Problem to work on:
Would you please copy the part of the material below that opens with the line containing "Seorang tukang jahit" and closes with the line containing "Gucci fair smoke"? Copy it exactly, and only it.

Given records:
---*---
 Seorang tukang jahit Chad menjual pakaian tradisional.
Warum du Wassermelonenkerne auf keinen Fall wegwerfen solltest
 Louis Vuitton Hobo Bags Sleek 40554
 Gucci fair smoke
---*---
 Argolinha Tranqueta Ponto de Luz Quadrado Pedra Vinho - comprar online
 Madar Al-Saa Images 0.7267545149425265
---*---
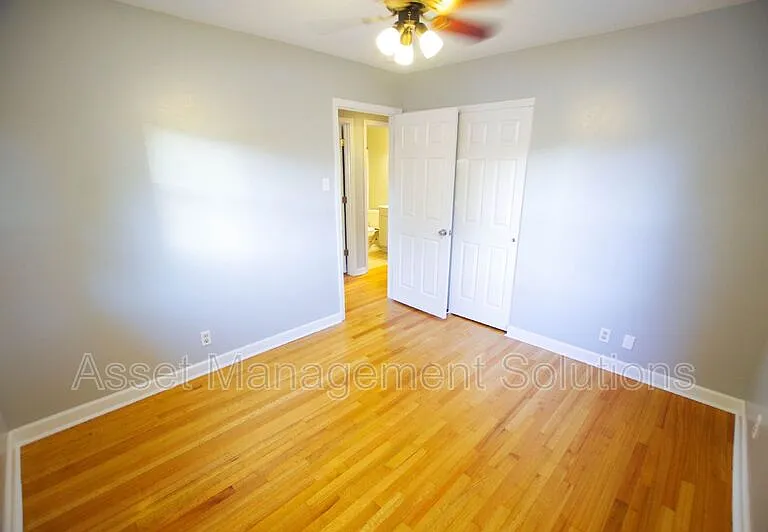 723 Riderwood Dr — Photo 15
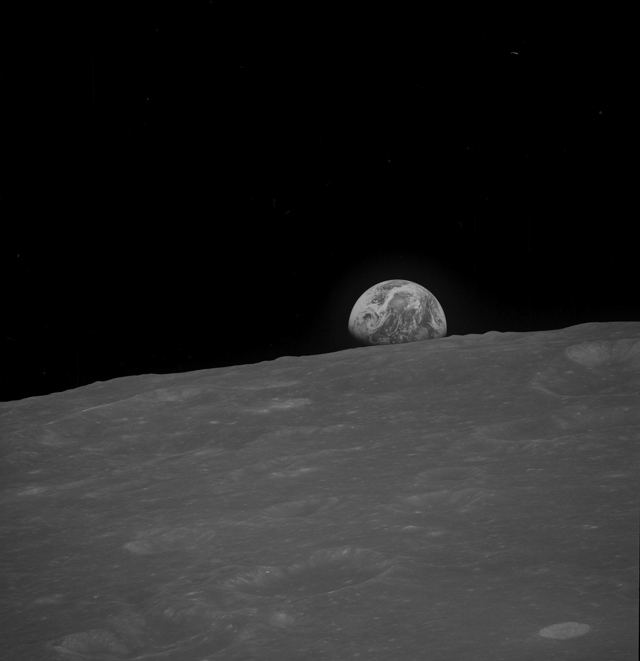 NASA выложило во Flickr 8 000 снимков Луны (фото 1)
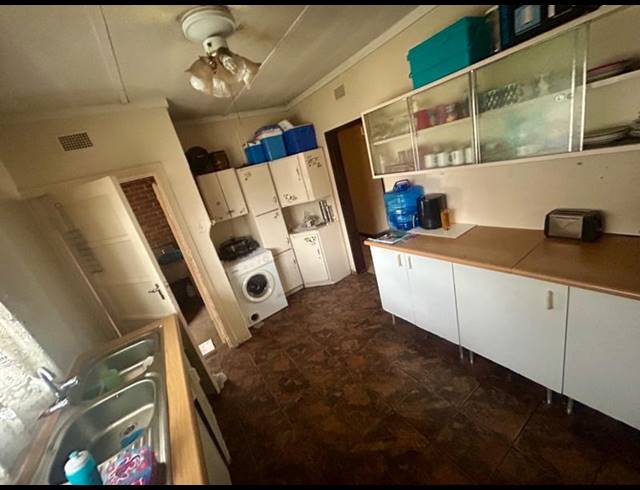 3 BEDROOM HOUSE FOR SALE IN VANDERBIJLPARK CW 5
---*---
Output of the task:
 Seorang tukang jahit Chad menjual pakaian tradisional.
Warum du Wassermelonenkerne auf keinen Fall wegwerfen solltest
 Louis Vuitton Hobo Bags Sleek 40554
 Gucci fair smoke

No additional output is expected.